> Short web captions
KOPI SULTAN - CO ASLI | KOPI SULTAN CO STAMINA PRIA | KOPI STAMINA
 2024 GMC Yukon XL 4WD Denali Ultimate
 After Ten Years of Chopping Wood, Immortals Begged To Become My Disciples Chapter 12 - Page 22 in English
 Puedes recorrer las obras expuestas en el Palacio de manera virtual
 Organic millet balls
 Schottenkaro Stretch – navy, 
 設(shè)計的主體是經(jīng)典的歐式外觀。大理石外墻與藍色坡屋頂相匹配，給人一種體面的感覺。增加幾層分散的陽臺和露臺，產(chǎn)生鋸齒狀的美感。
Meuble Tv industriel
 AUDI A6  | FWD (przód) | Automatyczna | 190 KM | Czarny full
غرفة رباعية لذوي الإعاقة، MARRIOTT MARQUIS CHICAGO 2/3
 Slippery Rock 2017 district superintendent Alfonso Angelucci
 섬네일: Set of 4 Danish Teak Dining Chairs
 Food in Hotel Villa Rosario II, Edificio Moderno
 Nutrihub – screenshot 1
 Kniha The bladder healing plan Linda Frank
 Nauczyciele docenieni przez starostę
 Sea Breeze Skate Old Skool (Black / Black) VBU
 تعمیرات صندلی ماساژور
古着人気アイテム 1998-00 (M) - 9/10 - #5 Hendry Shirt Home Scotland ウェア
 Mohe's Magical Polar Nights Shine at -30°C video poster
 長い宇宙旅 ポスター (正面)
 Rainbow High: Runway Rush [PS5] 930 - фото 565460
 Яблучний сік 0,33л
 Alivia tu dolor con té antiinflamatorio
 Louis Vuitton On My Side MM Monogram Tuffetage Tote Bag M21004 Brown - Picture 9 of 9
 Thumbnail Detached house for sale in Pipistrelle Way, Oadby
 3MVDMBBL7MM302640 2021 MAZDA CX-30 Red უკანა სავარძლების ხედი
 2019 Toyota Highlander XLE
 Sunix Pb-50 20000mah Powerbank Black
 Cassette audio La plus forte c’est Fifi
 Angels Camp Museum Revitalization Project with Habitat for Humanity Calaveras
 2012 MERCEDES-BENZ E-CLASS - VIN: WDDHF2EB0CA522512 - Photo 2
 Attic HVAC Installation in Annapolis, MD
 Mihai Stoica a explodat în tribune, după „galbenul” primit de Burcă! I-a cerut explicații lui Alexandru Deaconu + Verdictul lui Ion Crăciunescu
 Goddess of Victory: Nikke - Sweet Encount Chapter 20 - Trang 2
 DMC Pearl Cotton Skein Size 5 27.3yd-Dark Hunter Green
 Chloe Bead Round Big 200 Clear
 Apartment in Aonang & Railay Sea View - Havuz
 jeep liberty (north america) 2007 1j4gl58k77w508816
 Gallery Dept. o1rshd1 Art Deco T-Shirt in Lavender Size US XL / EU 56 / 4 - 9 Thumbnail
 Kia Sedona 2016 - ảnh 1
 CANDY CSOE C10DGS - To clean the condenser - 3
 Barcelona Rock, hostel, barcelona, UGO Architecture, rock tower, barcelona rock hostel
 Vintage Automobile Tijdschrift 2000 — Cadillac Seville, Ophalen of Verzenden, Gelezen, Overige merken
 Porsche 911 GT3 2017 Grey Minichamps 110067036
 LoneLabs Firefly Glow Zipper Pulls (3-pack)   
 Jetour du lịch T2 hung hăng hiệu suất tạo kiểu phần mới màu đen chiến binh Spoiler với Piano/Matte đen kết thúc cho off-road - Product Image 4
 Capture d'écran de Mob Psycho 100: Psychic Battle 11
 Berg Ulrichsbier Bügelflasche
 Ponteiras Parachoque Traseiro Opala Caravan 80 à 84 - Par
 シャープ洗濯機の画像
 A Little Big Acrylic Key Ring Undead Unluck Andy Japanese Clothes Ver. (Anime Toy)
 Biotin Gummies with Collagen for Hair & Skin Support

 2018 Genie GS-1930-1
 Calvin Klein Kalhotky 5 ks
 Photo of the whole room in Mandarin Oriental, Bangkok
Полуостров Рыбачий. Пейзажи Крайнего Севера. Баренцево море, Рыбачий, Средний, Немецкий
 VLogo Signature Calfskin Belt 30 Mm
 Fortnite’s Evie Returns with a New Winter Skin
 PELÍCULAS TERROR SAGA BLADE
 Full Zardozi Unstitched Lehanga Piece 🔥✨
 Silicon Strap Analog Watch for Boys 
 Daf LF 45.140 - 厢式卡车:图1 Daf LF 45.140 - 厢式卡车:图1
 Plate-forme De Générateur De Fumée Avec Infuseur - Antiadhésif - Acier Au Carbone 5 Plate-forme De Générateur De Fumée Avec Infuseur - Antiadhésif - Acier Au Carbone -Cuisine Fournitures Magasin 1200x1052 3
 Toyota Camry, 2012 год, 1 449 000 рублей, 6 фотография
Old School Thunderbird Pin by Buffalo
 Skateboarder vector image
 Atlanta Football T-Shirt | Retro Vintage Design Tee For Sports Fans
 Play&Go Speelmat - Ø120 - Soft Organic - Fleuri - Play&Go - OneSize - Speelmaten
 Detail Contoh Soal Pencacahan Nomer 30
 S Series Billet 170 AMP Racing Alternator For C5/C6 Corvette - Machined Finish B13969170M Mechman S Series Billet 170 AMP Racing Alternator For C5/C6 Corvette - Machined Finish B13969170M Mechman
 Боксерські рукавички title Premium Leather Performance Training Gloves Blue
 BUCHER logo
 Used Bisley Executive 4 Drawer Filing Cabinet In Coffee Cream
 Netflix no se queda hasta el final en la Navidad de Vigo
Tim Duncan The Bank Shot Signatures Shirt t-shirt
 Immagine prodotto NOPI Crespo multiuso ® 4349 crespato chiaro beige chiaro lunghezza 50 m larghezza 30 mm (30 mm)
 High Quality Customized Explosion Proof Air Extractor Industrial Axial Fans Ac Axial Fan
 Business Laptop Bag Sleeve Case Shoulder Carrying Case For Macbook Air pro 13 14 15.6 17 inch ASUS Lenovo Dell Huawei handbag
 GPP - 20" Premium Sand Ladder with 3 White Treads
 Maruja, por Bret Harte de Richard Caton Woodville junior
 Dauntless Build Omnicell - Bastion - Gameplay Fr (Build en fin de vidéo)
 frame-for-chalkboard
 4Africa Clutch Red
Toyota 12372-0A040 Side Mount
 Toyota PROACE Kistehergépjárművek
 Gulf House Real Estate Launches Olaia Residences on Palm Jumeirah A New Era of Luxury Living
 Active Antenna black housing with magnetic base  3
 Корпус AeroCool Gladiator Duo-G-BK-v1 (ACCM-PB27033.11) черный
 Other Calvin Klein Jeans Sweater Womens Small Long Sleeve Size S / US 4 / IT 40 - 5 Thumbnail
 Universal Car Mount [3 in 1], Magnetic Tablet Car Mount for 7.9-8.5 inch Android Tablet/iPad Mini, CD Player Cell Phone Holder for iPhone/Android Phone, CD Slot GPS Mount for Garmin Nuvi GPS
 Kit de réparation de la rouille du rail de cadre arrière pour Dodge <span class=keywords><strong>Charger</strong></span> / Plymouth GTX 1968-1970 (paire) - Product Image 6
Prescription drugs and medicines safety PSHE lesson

> Action item
Reproduce the complete data exactly as presented above.

> Answer to the exercise
KOPI SULTAN - CO ASLI | KOPI SULTAN CO STAMINA PRIA | KOPI STAMINA
 2024 GMC Yukon XL 4WD Denali Ultimate
 After Ten Years of Chopping Wood, Immortals Begged To Become My Disciples Chapter 12 - Page 22 in English
 Puedes recorrer las obras expuestas en el Palacio de manera virtual
 Organic millet balls
 Schottenkaro Stretch – navy, 
 設(shè)計的主體是經(jīng)典的歐式外觀。大理石外墻與藍色坡屋頂相匹配，給人一種體面的感覺。增加幾層分散的陽臺和露臺，產(chǎn)生鋸齒狀的美感。
Meuble Tv industriel
 AUDI A6  | FWD (przód) | Automatyczna | 190 KM | Czarny full
غرفة رباعية لذوي الإعاقة، MARRIOTT MARQUIS CHICAGO 2/3
 Slippery Rock 2017 district superintendent Alfonso Angelucci
 섬네일: Set of 4 Danish Teak Dining Chairs
 Food in Hotel Villa Rosario II, Edificio Moderno
 Nutrihub – screenshot 1
 Kniha The bladder healing plan Linda Frank
 Nauczyciele docenieni przez starostę
 Sea Breeze Skate Old Skool (Black / Black) VBU
 تعمیرات صندلی ماساژور
古着人気アイテム 1998-00 (M) - 9/10 - #5 Hendry Shirt Home Scotland ウェア
 Mohe's Magical Polar Nights Shine at -30°C video poster
 長い宇宙旅 ポスター (正面)
 Rainbow High: Runway Rush [PS5] 930 - фото 565460
 Яблучний сік 0,33л
 Alivia tu dolor con té antiinflamatorio
 Louis Vuitton On My Side MM Monogram Tuffetage Tote Bag M21004 Brown - Picture 9 of 9
 Thumbnail Detached house for sale in Pipistrelle Way, Oadby
 3MVDMBBL7MM302640 2021 MAZDA CX-30 Red უკანა სავარძლების ხედი
 2019 Toyota Highlander XLE
 Sunix Pb-50 20000mah Powerbank Black
 Cassette audio La plus forte c’est Fifi
 Angels Camp Museum Revitalization Project with Habitat for Humanity Calaveras
 2012 MERCEDES-BENZ E-CLASS - VIN: WDDHF2EB0CA522512 - Photo 2
 Attic HVAC Installation in Annapolis, MD
 Mihai Stoica a explodat în tribune, după „galbenul” primit de Burcă! I-a cerut explicații lui Alexandru Deaconu + Verdictul lui Ion Crăciunescu
 Goddess of Victory: Nikke - Sweet Encount Chapter 20 - Trang 2
 DMC Pearl Cotton Skein Size 5 27.3yd-Dark Hunter Green
 Chloe Bead Round Big 200 Clear
 Apartment in Aonang & Railay Sea View - Havuz
 jeep liberty (north america) 2007 1j4gl58k77w508816
 Gallery Dept. o1rshd1 Art Deco T-Shirt in Lavender Size US XL / EU 56 / 4 - 9 Thumbnail
 Kia Sedona 2016 - ảnh 1
 CANDY CSOE C10DGS - To clean the condenser - 3
 Barcelona Rock, hostel, barcelona, UGO Architecture, rock tower, barcelona rock hostel
 Vintage Automobile Tijdschrift 2000 — Cadillac Seville, Ophalen of Verzenden, Gelezen, Overige merken
 Porsche 911 GT3 2017 Grey Minichamps 110067036
 LoneLabs Firefly Glow Zipper Pulls (3-pack)   
 Jetour du lịch T2 hung hăng hiệu suất tạo kiểu phần mới màu đen chiến binh Spoiler với Piano/Matte đen kết thúc cho off-road - Product Image 4
 Capture d'écran de Mob Psycho 100: Psychic Battle 11
 Berg Ulrichsbier Bügelflasche
 Ponteiras Parachoque Traseiro Opala Caravan 80 à 84 - Par
 シャープ洗濯機の画像
 A Little Big Acrylic Key Ring Undead Unluck Andy Japanese Clothes Ver. (Anime Toy)
 Biotin Gummies with Collagen for Hair & Skin Support

 2018 Genie GS-1930-1
 Calvin Klein Kalhotky 5 ks
 Photo of the whole room in Mandarin Oriental, Bangkok
Полуостров Рыбачий. Пейзажи Крайнего Севера. Баренцево море, Рыбачий, Средний, Немецкий
 VLogo Signature Calfskin Belt 30 Mm
 Fortnite’s Evie Returns with a New Winter Skin
 PELÍCULAS TERROR SAGA BLADE
 Full Zardozi Unstitched Lehanga Piece 🔥✨
 Silicon Strap Analog Watch for Boys 
 Daf LF 45.140 - 厢式卡车:图1 Daf LF 45.140 - 厢式卡车:图1
 Plate-forme De Générateur De Fumée Avec Infuseur - Antiadhésif - Acier Au Carbone 5 Plate-forme De Générateur De Fumée Avec Infuseur - Antiadhésif - Acier Au Carbone -Cuisine Fournitures Magasin 1200x1052 3
 Toyota Camry, 2012 год, 1 449 000 рублей, 6 фотография
Old School Thunderbird Pin by Buffalo
 Skateboarder vector image
 Atlanta Football T-Shirt | Retro Vintage Design Tee For Sports Fans
 Play&Go Speelmat - Ø120 - Soft Organic - Fleuri - Play&Go - OneSize - Speelmaten
 Detail Contoh Soal Pencacahan Nomer 30
 S Series Billet 170 AMP Racing Alternator For C5/C6 Corvette - Machined Finish B13969170M Mechman S Series Billet 170 AMP Racing Alternator For C5/C6 Corvette - Machined Finish B13969170M Mechman
 Боксерські рукавички title Premium Leather Performance Training Gloves Blue
 BUCHER logo
 Used Bisley Executive 4 Drawer Filing Cabinet In Coffee Cream
 Netflix no se queda hasta el final en la Navidad de Vigo
Tim Duncan The Bank Shot Signatures Shirt t-shirt
 Immagine prodotto NOPI Crespo multiuso ® 4349 crespato chiaro beige chiaro lunghezza 50 m larghezza 30 mm (30 mm)
 High Quality Customized Explosion Proof Air Extractor Industrial Axial Fans Ac Axial Fan
 Business Laptop Bag Sleeve Case Shoulder Carrying Case For Macbook Air pro 13 14 15.6 17 inch ASUS Lenovo Dell Huawei handbag
 GPP - 20" Premium Sand Ladder with 3 White Treads
 Maruja, por Bret Harte de Richard Caton Woodville junior
 Dauntless Build Omnicell - Bastion - Gameplay Fr (Build en fin de vidéo)
 frame-for-chalkboard
 4Africa Clutch Red
Toyota 12372-0A040 Side Mount
 Toyota PROACE Kistehergépjárművek
 Gulf House Real Estate Launches Olaia Residences on Palm Jumeirah A New Era of Luxury Living
 Active Antenna black housing with magnetic base  3
 Корпус AeroCool Gladiator Duo-G-BK-v1 (ACCM-PB27033.11) черный
 Other Calvin Klein Jeans Sweater Womens Small Long Sleeve Size S / US 4 / IT 40 - 5 Thumbnail
 Universal Car Mount [3 in 1], Magnetic Tablet Car Mount for 7.9-8.5 inch Android Tablet/iPad Mini, CD Player Cell Phone Holder for iPhone/Android Phone, CD Slot GPS Mount for Garmin Nuvi GPS
 Kit de réparation de la rouille du rail de cadre arrière pour Dodge <span class=keywords><strong>Charger</strong></span> / Plymouth GTX 1968-1970 (paire) - Product Image 6
Prescription drugs and medicines safety PSHE lesson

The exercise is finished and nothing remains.